When they think they are 'highly skilled equestrians' and you have tried to warn them on several occasions, there isn't anything else you can do but sit back and laugh. 

There is nothing like hearing a woman screaming at the top of her voice and running through a muddy field "MARE! MARE! MARE! NO!"


----------



## AKPaintLover (May 26, 2007)

That is so bad, but the imagery is hilarious! 

I am so glad that my boy does not test his panel fencing...of course he does get out to be worked on a daily basis since age 2, and he is allowed to interact with other horses.


----------



## mlkarel2010 (Jan 27, 2008)

Wow.... that's extreme..... it just proves that stallions aren't thinking with their heads.... and that their owners just aren't thinking clearly.... hehe, it makes me laugh though


----------



## my2geldings (Feb 18, 2008)

Oh yes it can happen. Know of a few people to whom it happend.


----------



## Marcee2800 (Mar 5, 2008)

Funny..... but i don't like when Studs aren't even broke to lead they 
should be treated like a horse not a bomb plus, it's dangerous having a horse thats basically wild..... just my opinion though.


----------



## LopinSlow (Mar 8, 2008)

I really don't find that funny. Our country is so over populated from back yard breeding, which is exactly what that is.


----------



## LadyDreamer (Jan 25, 2008)

I think it is freaking hilarious. Couldn't happen to better people I think. They didn't listen, and now they will learn. 

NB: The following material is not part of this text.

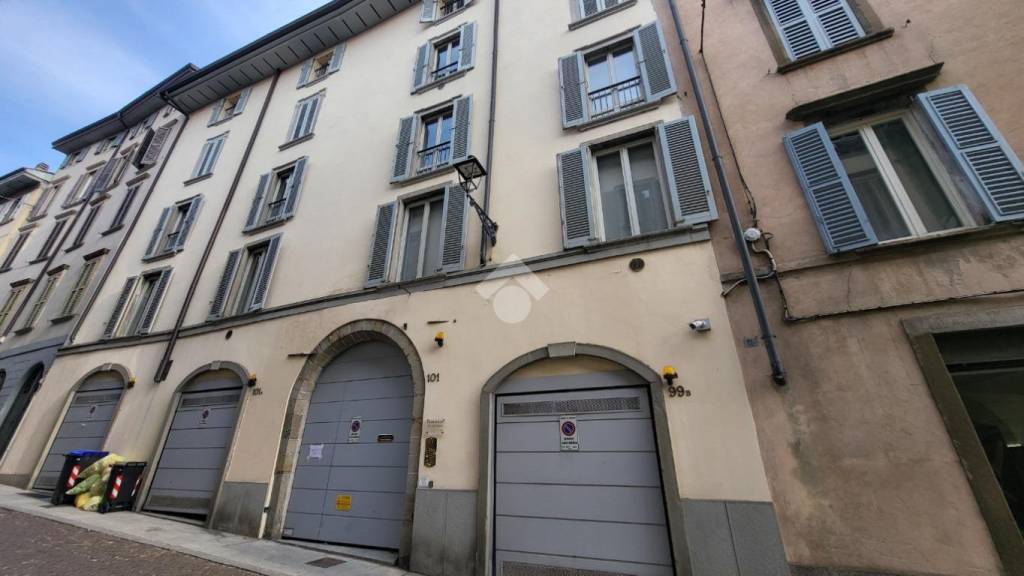 appartamento in vendita a Bergamo in zona Borgo Pignolo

True backyard breeding in the derogative sense would be for them to have thier stallion running with the mares, not separated, with no plan at all for any of the horses in thier care. The mares were not bought to be breeding machines. Seeing them come out and lunge them in thier little breeches, and seeing them take thier horses on a regular basis...wherever it is they take them, proves that much. The same ones come back, so they aren't trading them off like baseball cards at the stockyards.

These are just newer owners who tried to be responsible by separating thier stallion and thier stallion got the best of them. I'm not going to say too much bad about them, because they do take great dilligent care of thier horses, and they do provide us with so much amusement. They are a great relief to the locals I give them that. Our normal neighbors try to do harm. These try to do the right thing.

Regardless of the overpopulation of the horses in this country, these people have thier hearts in the right place. We can just hope that the appaloosa looking mare is really a...whatever the stallion is, and they are both registered to the same organization. And even if not, these babies that will result are not going to end up in the community sale right from them. I have gathered that much from them. They do try to do the right thing. 

And on the subject of the overpopulation, there is nothing to say they can't. Lots to say they shouldn't, and they did try to take precautions against it. Just because these people aren't experienced enough to handle thier stallion, doesn't make them bad people. And if they end up with foals, they are going to be as well fed, and well taken care of as the rest of thier little herd. I have no problem with well taken care of horses reproducing. They are going to be well taken care of as well. 

These foals that are going to result are going to have a good chance at life, because of the nature of the people that own them. A little dumb, a little nutty, very amusing, but still they are pretty decent people.


----------



## Delregans Way (Sep 11, 2007)

hahahaha oops lol thats extremally funny :lol: 
That mare must of been pretty....um good looking lol :lol: :lol: 
hehe


----------



## nikelodeon79 (Mar 3, 2008)

LadyDreamer said:


> True backyard breeding in the derogative sense would be for them to have thier stallion running with the mares, not separated, with no plan at all for any of the horses in thier care.


True enough. One of our neighbors keeps horses this way. They were actually surprised when they went out to their pasture the other morning and found that one of their mares had foaled. :roll: What did they think would happen?!? No plan whatsoever for the foal... they didn't even know the mare was pregnant. Neither the stallion nor the mares are of breeding quality. *sigh*



> These are just newer owners who tried to be responsible by separating thier stallion and thier stallion got the best of them.


IMO, the responsible thing to do would've been to get the stallion gelded, if they aren't planning on breeding... 



> Just because these people aren't experienced enough to handle thier stallion, doesn't make them bad people.


You're right, it doesn't make them bad people. If they're not experienced enough to handle a stallion, however, I don't think they should have one.

But, I digress. I'll get off my soapbox now. :lol: It was truly a funny story, debates about overpopulation aside!! :lol:


----------



## LadyDreamer (Jan 25, 2008)

Oh, soapbox away. I don't mind. And I agree with all of those points. Wholeheartedly, actually. 

But there isn't much you can do for folks who apparently know it all. We all know those. I see vents on them all the time in the GD. Heh. I'm going to start posting on those to just laugh at them when they eat thier ignorance. 

Just so long as that stud stays on his side of the fence, we are going to stay out of things. Thank goodness for our Dad did them they'd have all thier mares in foal by April. Not much else we can do.


----------



## Delregans Way (Sep 11, 2007)

true true


----------